Wherever a line in the material contains the word "Chapter", copy that line.

- RECORDS SUPPLIED
----------------

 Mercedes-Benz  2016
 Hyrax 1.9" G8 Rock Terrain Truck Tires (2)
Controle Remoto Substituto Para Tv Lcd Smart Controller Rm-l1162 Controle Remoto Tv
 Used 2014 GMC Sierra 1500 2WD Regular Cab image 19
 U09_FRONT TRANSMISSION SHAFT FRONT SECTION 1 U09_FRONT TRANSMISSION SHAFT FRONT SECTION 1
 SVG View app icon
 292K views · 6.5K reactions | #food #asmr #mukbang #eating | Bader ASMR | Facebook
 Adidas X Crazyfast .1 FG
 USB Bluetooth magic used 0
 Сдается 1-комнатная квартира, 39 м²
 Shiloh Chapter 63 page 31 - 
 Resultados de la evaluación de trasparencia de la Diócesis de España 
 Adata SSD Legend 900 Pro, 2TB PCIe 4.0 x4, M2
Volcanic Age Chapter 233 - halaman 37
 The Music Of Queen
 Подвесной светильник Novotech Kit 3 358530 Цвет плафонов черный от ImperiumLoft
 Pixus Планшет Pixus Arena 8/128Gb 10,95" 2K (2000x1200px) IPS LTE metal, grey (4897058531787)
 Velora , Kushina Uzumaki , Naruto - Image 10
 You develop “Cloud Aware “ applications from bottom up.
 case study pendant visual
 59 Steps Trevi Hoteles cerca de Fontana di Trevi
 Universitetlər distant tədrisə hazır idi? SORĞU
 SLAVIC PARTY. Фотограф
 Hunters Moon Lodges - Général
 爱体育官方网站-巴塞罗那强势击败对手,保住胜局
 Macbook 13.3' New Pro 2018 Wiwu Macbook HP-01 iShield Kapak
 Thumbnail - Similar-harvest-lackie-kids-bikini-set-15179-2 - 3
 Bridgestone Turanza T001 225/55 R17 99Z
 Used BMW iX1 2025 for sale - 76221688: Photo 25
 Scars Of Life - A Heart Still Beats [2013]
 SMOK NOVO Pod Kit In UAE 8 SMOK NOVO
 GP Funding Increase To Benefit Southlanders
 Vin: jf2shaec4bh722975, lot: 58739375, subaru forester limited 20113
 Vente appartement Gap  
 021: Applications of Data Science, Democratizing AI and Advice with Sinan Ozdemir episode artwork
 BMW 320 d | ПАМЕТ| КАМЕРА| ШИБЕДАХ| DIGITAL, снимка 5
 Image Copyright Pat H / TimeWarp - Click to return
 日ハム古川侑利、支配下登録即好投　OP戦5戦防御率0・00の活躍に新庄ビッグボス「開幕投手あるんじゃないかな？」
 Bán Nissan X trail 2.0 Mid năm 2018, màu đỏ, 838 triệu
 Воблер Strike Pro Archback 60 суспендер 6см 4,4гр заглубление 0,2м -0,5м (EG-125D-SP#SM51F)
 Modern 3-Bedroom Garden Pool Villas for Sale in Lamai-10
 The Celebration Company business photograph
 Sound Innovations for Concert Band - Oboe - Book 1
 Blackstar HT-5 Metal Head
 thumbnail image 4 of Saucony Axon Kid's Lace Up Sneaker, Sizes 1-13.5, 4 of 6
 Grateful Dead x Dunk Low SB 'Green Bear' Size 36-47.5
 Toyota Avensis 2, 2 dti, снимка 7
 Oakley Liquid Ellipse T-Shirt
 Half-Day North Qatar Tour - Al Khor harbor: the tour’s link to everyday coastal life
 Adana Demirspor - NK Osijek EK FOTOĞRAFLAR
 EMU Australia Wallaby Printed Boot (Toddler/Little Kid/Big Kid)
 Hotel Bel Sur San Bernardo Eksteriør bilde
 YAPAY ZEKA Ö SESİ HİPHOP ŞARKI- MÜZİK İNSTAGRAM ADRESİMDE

----------------

- TASK SOLUTION
 Shiloh Chapter 63 page 31 - 
Volcanic Age Chapter 233 - halaman 37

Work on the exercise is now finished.